Anyway, I’m going to get things kicked off this year with a nice little buzzword guide for my Big Data readers, who are looking for a consolidated listing of definitions of the terms & phrases that you tend to hear over & over again in the Big Data world. Hopefully this helps to put things into context and gives you a better picture of how things all play together in a Big Data project. Enjoy! Best, Mark
- Big Data: Think 3 v’s, unstructured data, data that is not currently managed in DW. This is the data that companies need to do game-changing analytics.
- Big Data Analytics: Business insights gained from mining Big Data to transform business processes. The different between business analytics and Big Data Analytics is that in the Big Data world, we are surfacing new and complex data that was not available to the business before for analysis.
- Columnar: Column-oriented databases that are used in Big Data scenarios because of their speed and compression capabilities, i.e. HP Vertica, HBase
- Hadoop: Apache open-source framework for Big Data processing. Made up of multiple components. The leading Big Data platform. Marketed by Couldera & Hortonworks.

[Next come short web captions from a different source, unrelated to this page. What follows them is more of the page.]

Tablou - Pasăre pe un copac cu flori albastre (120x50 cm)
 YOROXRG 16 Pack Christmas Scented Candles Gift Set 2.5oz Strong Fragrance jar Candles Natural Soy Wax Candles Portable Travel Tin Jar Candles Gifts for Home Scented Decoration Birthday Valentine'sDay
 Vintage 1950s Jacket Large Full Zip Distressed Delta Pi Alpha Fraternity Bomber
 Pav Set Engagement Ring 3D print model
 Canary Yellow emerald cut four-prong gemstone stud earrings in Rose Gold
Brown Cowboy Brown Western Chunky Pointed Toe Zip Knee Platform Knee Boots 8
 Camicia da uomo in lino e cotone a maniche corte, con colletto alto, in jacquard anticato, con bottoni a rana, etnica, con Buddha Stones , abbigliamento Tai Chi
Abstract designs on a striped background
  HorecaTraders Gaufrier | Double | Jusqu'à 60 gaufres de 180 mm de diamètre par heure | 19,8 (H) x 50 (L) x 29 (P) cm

- In-memory DB: A database that resides fully in memory, eliminating IO bottlenecks. Very important in Big Data Analytics systems. I.e. Microsoft PowerPivot, SSAS 2012, SAP HANA
- MapReduce: Distributed data programming and processing framework. A key aspect of processing Big Data is using a MapReduce framework across distributed clusters of commodity servers. Available as open source in the Hadoop framework and in various Hadoop distribution flavors.
- MPP: Massively Parallel Processing database engine, mostly used for data warehouse & BI workloads. I.e. SQL Server PDW, IBM Netezza, Teradata
- NoSQL: Key-value data store for quick eventual-ACID schemaless database writes. Big Data systems will use these to store data coming in from sources that dump large amounts of data quickly, i.e. Cassandra, MongoDB.